System is CentOS5 x86_64, completely up to date.
I've got a folder that can't be listed (ls just hangs, eating memory until it is killed). The directory size is nearly 500k:
root@server [/home/user/public_html/domain.com/wp-content/uploads/2010/03]# stat .
File: `.'
Size: 458752 Blocks: 904 IO Block: 4096 directory
Device: 812h/2066d Inode: 44499071 Links: 2
Access: (0755/drwxr-xr-x) Uid: ( 3292/ user) Gid: ( 3287/ user)
Access: 2012-06-29 17:31:47.000000000 -0400
Modify: 2012-10-23 14:41:58.000000000 -0400
Change: 2012-10-23 14:41:58.000000000 -0400
I can see the file names if I use ls -1f, but it just repeats the same 48 files ad infinitum, all of which have non-ascii characters somewhere in the file name:
La-critic\363-al-servicio-la-privacidad-300x160.jpg
When I try to access the files (say to copy them or remove them) I get messages like the following:
lstat("/home/user/public_html/domain.com/wp-content/uploads/2010/03/Sebast\355an-Pi\361era-el-balc\363n-150x120.jpg", 0x7fff364c52c0) = -1 ENOENT (No such file or directory)
I tried altering the code found on this man page and modified the code to call unlink for each file. I get the same ENOENT error from the unlink call:
unlink("/home/user/public_html/domain.com/wp-content/uploads/2010/03/Marca-naci\363n-Madrid-150x120.jpg") = -1 ENOENT (No such file or directory)
I also straced a "touch", grabbed the syscalls it makes and replicated them, then tried to unlink the resulting file by name. This works fine, but the folder still contains an entry by the same name after the operation completes and the program runs for an arbitrarily long time (strace output ended up at 20GB after 5 minutes and I stopped the process).
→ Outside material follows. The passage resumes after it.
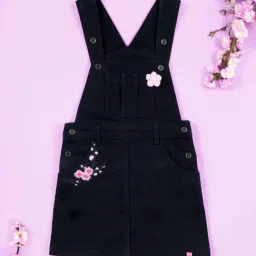 Kiddopanti Girls Black Denim Applique Regular Fit Dungaree Skirts-image-77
I'm stumped on this one, I'd really prefer not to have to take this production machine (hundreds of customers) offline to fsck the filesystem, but I'm leaning toward that being the only option at this point. If anyone's had success using other methods for removing files (by inode number, I can get those with the getdents code) I'd love to hear them.
(Yes, I've tried find . -inum <inode> -exec rm -fv {} \; and it still has the problem with unlink returning ENOENT)
For those interested, here's the diff between that man page's code and mine. I didn't bother with error checking on mallocs, etc because I'm lazy and this is a one-off:
root@server [~]# diff -u listdir-orig.c listdir.c
--- listdir-orig.c 2012-10-23 15:10:02.000000000 -0400
+++ listdir.c 2012-10-23 14:59:47.000000000 -0400
@@ -6,6 +6,7 @@
#include <stdlib.h>
#include <sys/stat.h>
#include <sys/syscall.h>
+#include <string.h>
#define handle_error(msg) \
do { perror(msg); exit(EXIT_FAILURE); } while (0)
@@ -17,7 +18,7 @@
char d_name[];
};
-#define BUF_SIZE 1024
+#define BUF_SIZE 1024*1024*5
int main(int argc, char *argv[])
{
@@ -26,11 +27,16 @@
struct linux_dirent *d;
int bpos;
char d_type;
+ int deleted;
+ int file_descriptor;
fd = open(argc > 1 ? argv[1] : ".", O_RDONLY | O_DIRECTORY);
if (fd == -1)
handle_error("open");
+ char* full_path;
+ char* fd_path;
+
for ( ; ; ) {
nread = syscall(SYS_getdents, fd, buf, BUF_SIZE);
if (nread == -1)
@@ -55,7 +61,24 @@
printf("%4d %10lld %s\n", d->d_reclen,
(long long) d->d_off, (char *) d->d_name);
bpos += d->d_reclen;
+ if ( d_type == DT_REG )
+ {
+ full_path = malloc(strlen((char *) d->d_name) + strlen(argv[1]) + 2); //One for the /, one for the \0
+ strcpy(full_path, argv[1]);
+ strcat(full_path, (char *) d->d_name);
+
+ //We're going to try to "touch" the file.
+ //file_descriptor = open(full_path, O_WRONLY|O_CREAT|O_NOCTTY|O_NONBLOCK, 0666);
+ //fd_path = malloc(32); //Lazy, only really needs 16
+ //sprintf(fd_path, "/proc/self/fd/%d", file_descriptor);
+ //utimes(fd_path, NULL);
+ //close(file_descriptor);
+ deleted = unlink(full_path);
+ if ( deleted == -1 ) printf("Error unlinking file\n");
+ break; //Break on first try
+ }
}
+ break; //Break on first try
}
exit(EXIT_SUCCESS);